It is my first instinct to assume this is true, but I'm not sure my work is sufficient to prove it. We begin with a convergent series $\sum^\infty_{n=1} a_n$ with positive, real terms. We want to determine if $\sum^\infty_{n=1}(e^{a_n}-1)$ is also convergent. My first idea was to first expand the exponent. This gives us
$$ \sum^{\infty}_{n=1} \sum^{\infty}_{k=0}\left(\frac{a_n^k}{k!}-1\right).$$ We can then "peel" off the zeroth term of the $k$ series giving us $\frac{a_n^0}{0!} = 1$. This cancels with the -1. Now, we are left with,
$$\sum^{\infty}_{n=1} \sum^{\infty}_{k=1}\left(\frac{a_n^k}{k!}\right) .$$ Since we know $a_n$ converges, let's call its limit $a$. Now,
$$ \sum^{\infty}_{k=1}\left(\frac{a^k}{k!}\right) < \sum^{\infty}_{k=0}\left(\frac{a^k}{k!}\right) = e^a .$$ Thus we can conclude $\sum^\infty_{n=1}e^{a_n}-1$ is less than $e^a$ which is finite, thus it too must be finite.

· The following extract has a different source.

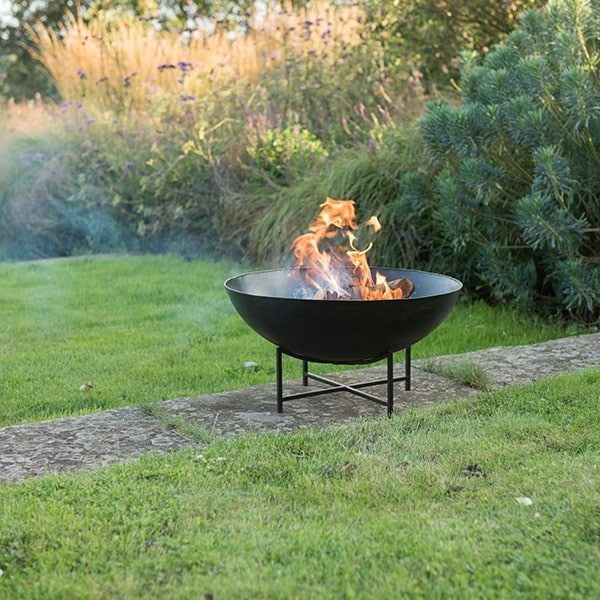 Iron fire pit bowl with cross base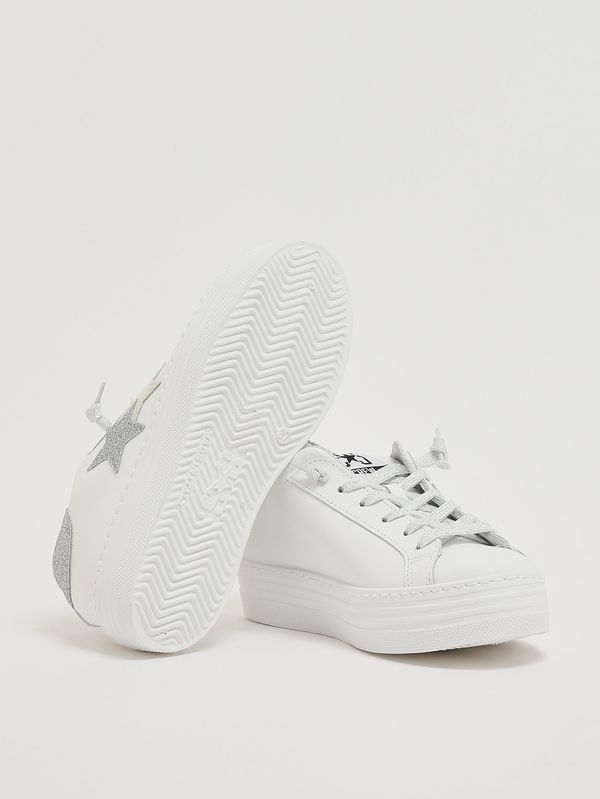 4. Mädchen-Sneaker aus Leder Weiß-Silber 2Star 2sb3450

Alternatively, one can use the limit comparison test. That is, for two series $\sum s_n$ and $\sum a_n$ with positive terms,
$$ \lim_{k\rightarrow\infty} \frac{s_k}{a_k} = \rho.$$
If $\rho >0$ then both series converge or both diverge. In this case we have,
$$ \lim_{n\rightarrow\infty}\frac{a_n} {e^{a_n}-1} = \frac{a}{e^a-1}$$ since our terms are positive and nonzero, clearly $\rho > 0$ thus both must converge.
Best Answer
If $(a_n)$ are assumed to be positive, your conjecture is true. If there is no other assumption, it's wrong.

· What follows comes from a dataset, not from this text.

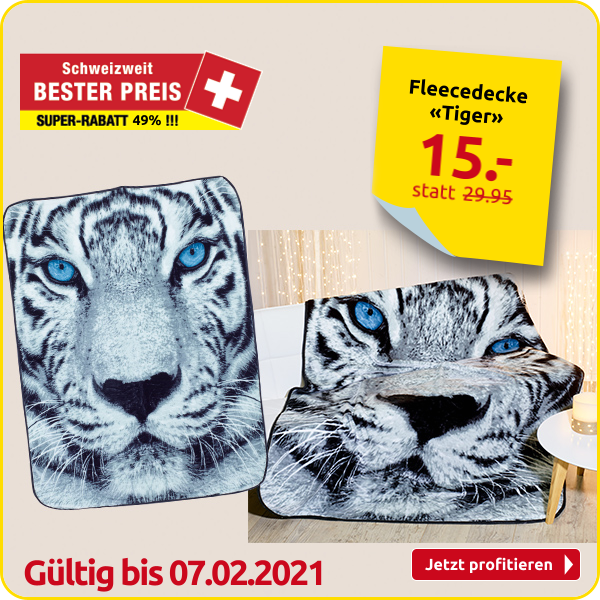 Fleecedecke «Tiger», 152 x 203 cm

Counterexample $a_n= \frac{(-1)^n}{\sqrt{n}}$.
Indeed, $\sum a_n$ is convergent, however $$\sum e^{a_n}-1 \stackrel{(*)}{\ge}\sum a_n+\frac{a_n^2}{2e} = +\infty$$ where in $(*)$ I have used the fact that $e^x \ge 1+ x+ \frac{x^2}{2e}$ for all $x \ge -1$